Quasi mai l’esaltazione si rivela seducente, per cui, dopo tutta la retorica dopata sulla Milano di oggi, è stato bello trovare in Teneri violenti di Ivan Carozzi una Milano contemporanea liquefatta, risucchiata verso un grembo che contiene una città al grado estremo della sua accelerazione: espansa e ritratta, dissolta e rigenerata. È dentro questa Milano che il protagonista si immerge in un altro tipo di gorgo, un sottosuolo popolato di notizie, gli archivi dei quotidiani da cui riportare in superficie eventi a cavallo tra gli anni ’70 e ’80.
Carozzi ha un intento molto più visionario che sociologico, e con l’anarchismo di un Bianciardi allucinato se ne frega di restituirci una cartina dell’Italia dove attivare automatismi da epifanie o reminiscenze, o la solita mappa in filigrana dove rileggere il presente.
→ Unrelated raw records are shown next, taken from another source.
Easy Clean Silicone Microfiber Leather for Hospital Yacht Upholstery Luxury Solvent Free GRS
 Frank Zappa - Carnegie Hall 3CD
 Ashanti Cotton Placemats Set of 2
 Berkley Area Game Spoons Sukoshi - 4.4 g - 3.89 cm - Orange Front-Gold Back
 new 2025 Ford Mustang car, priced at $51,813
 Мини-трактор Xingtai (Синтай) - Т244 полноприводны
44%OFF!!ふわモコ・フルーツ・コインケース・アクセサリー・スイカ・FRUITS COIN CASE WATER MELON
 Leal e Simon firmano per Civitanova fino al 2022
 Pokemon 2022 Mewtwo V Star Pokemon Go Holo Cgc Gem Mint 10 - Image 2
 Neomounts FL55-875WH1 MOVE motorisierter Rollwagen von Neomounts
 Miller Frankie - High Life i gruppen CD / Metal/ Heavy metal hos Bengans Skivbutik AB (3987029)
La vicinanza affettiva con il passato prossimo, quello che i nati negli anni ’70 hanno feticizzato nel ciclo di un eterno ritorno a breve gittata, diventa qui un sentimento vivo e insolubile, non la nostalgia ormai spalmata come fondotinta su ogni percezione emotiva o il vintage mortifero di un nuovo locale alla moda.
Con uno stile ipnotico, Carozzi racconta storie che somigliano a ricordi non messi fuoco, stortissimi, a volte così incongrui da apparire più contemporanei del contemporaneo.